流星がまとまって出現する流星群。その個々の“性格”を知るために、まずは流星群が発生する仕組みからです。 流星の正体は、彗星などが撒き散らした小さなチリが、地球の大気に突入する際に起こる発光現象です。 流星群が出現するのは、チリがまとまって漂っているところを地球が通過するから。ではなぜチリがまとまっているかというと、同じひとつの天体(流星群の「母天体」と呼びます)から噴き出したチリが、母天体の軌道周辺をそのまま漂っているからです。
流星群の母天体は、おもに彗星です。正体は、チリや岩石を大量に含んだ氷の塊と考えられていて、“汚れた雪だるま”ともたとえられます。数年以上の周期で太陽の周りを回る彗星のうち、地球軌道に近づく彗星が、流星群の母天体になり得ます。
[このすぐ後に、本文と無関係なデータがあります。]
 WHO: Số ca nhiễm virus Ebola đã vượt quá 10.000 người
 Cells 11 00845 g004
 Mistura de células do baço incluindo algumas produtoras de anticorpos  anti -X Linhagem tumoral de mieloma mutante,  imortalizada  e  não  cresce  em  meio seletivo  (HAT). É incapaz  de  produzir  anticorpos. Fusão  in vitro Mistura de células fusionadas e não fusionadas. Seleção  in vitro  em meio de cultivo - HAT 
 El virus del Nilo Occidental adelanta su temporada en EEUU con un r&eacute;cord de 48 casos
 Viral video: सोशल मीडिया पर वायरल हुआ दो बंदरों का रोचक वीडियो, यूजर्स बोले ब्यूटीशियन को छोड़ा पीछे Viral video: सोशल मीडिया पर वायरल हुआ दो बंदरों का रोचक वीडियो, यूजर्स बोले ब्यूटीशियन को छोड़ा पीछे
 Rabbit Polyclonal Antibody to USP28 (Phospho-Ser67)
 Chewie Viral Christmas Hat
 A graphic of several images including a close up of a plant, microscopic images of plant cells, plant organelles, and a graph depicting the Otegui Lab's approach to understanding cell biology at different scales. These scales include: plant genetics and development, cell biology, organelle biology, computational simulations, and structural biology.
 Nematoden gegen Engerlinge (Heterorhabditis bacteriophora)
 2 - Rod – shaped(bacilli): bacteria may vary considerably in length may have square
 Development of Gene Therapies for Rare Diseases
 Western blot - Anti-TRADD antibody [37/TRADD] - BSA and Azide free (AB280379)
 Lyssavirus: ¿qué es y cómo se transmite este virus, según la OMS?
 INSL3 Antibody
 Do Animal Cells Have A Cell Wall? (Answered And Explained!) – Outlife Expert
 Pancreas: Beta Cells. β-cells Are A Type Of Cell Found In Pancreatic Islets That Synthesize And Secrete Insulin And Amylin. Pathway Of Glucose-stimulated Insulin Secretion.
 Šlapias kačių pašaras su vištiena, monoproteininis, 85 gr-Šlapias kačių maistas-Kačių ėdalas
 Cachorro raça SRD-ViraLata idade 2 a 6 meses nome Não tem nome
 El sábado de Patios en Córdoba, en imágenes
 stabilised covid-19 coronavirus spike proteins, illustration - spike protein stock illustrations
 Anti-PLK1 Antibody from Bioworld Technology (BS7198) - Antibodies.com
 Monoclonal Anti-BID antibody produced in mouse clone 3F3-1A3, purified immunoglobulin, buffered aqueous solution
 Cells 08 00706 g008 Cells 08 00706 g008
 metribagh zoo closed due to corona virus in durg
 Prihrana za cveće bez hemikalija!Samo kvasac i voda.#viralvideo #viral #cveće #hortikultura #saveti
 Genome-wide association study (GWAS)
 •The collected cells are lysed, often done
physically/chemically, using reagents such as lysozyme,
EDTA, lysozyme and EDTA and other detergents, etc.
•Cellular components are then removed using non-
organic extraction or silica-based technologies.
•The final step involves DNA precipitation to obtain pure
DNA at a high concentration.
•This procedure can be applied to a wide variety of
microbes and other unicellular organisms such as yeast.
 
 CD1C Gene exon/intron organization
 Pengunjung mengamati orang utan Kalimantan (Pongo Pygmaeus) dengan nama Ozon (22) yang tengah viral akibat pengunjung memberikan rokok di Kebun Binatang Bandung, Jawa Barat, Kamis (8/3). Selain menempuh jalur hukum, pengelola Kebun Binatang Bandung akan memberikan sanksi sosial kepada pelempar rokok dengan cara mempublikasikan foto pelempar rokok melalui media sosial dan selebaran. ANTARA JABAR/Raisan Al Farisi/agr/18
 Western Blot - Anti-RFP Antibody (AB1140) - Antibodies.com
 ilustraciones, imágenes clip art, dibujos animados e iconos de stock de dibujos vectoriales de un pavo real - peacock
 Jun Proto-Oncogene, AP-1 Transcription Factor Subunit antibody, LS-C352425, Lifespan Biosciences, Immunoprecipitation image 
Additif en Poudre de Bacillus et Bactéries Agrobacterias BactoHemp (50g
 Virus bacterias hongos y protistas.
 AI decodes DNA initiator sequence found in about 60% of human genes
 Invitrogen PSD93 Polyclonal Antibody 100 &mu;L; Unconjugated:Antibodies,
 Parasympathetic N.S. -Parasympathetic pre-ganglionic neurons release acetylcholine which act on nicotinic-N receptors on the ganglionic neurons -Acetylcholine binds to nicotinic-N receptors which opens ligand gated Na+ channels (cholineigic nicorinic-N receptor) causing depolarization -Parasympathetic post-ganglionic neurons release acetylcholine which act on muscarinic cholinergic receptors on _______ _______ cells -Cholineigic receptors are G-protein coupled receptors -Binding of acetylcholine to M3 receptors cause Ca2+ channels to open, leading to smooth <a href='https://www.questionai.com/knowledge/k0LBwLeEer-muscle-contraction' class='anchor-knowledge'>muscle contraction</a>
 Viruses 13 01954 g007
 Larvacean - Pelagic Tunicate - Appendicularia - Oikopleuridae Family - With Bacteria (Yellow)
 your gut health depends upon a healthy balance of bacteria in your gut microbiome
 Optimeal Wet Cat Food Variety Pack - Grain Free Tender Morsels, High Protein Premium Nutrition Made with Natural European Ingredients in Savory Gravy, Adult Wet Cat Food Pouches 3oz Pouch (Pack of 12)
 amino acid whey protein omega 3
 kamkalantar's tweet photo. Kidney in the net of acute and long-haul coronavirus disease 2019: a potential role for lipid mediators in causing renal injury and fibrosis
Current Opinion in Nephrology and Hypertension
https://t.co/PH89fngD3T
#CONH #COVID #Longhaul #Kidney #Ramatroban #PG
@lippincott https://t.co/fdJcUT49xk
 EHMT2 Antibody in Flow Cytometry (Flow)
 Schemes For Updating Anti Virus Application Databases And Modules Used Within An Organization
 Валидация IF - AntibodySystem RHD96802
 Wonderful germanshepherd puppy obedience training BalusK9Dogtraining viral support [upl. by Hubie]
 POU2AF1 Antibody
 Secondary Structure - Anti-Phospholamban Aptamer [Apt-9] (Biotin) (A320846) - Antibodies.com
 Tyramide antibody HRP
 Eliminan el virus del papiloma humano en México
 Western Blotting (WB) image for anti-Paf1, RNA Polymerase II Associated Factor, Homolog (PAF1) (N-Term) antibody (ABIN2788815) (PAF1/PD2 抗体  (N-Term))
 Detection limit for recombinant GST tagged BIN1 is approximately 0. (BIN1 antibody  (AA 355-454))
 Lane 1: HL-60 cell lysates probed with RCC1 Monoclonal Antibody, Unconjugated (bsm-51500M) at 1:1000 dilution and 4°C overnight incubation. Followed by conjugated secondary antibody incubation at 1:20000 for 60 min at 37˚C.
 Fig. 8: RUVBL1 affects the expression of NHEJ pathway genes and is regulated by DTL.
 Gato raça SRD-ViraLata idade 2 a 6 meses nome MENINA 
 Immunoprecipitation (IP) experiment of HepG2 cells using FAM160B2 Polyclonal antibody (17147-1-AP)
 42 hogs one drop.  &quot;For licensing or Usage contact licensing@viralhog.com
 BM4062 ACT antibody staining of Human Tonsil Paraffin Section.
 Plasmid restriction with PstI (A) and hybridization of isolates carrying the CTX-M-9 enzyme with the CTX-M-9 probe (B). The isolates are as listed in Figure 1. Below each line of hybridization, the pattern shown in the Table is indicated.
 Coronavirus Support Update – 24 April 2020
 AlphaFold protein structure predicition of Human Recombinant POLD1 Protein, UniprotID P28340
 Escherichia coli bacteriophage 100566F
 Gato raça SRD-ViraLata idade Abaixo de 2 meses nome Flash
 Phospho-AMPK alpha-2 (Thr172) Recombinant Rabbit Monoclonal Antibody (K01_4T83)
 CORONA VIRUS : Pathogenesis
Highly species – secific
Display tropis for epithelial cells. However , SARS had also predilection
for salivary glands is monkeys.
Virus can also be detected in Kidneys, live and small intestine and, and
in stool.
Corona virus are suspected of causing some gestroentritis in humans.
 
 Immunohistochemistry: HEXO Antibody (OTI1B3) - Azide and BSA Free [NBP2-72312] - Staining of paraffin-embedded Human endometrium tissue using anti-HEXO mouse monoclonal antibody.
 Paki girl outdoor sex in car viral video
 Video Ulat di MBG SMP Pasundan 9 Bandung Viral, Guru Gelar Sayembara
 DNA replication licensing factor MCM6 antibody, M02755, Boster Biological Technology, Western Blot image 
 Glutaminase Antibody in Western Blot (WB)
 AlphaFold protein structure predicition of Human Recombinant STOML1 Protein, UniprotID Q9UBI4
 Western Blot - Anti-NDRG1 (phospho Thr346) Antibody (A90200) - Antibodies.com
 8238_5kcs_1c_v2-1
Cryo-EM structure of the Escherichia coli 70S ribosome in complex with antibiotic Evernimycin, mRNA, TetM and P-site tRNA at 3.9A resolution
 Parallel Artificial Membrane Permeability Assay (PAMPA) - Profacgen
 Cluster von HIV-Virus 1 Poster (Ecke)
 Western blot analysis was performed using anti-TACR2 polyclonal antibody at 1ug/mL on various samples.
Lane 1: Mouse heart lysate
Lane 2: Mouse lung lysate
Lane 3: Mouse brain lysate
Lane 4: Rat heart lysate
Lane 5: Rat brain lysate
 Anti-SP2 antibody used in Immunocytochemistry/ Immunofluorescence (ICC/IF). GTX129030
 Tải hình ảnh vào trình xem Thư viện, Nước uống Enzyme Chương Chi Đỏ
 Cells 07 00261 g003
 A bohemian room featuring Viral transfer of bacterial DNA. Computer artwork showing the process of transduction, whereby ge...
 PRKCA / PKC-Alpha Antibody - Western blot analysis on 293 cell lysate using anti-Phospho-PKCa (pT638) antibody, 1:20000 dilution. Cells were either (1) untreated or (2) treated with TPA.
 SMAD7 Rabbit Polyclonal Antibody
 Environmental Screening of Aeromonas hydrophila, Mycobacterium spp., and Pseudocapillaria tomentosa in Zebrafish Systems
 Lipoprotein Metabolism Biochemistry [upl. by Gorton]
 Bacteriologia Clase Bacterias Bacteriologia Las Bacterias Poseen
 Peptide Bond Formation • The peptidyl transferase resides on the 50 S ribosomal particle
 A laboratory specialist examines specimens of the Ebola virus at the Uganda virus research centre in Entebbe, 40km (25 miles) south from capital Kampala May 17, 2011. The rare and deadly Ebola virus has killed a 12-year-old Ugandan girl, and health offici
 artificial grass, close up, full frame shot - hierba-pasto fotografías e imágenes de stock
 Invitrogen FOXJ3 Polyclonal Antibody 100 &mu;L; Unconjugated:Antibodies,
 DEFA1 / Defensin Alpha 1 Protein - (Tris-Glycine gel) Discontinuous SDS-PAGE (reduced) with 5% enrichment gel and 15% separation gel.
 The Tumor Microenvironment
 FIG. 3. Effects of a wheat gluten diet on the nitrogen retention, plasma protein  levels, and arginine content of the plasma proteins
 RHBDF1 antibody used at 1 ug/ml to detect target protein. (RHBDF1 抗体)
彗星が軌道を進み、太陽に近づくと熱くなって氷が融けます。その中に含まれていたチリが、宇宙空間に放出されます。そして、母天体である彗星の軌道上を少しずつ帯状に広がりながら回り続けます。その“チリの帯”を、太陽の周りを回る地球が通過するときに、流星群が見られるのです。 ふたご座流星群の母天体は、「ファエトン」という名の小天体だと考えられています。1980年代の発見当時はチリやガスを放出する彗星としての活動が確認されなかったため、小惑星に分類されました。その後に軌道から流星群の母天体であることが分かり、かつては彗星だった“成れの果て”の小惑星と考えられるようになりました。そして近年、すでに終えたと思われていた彗星としての活動が観測され、まだ“現役”らしいことが分かってきています。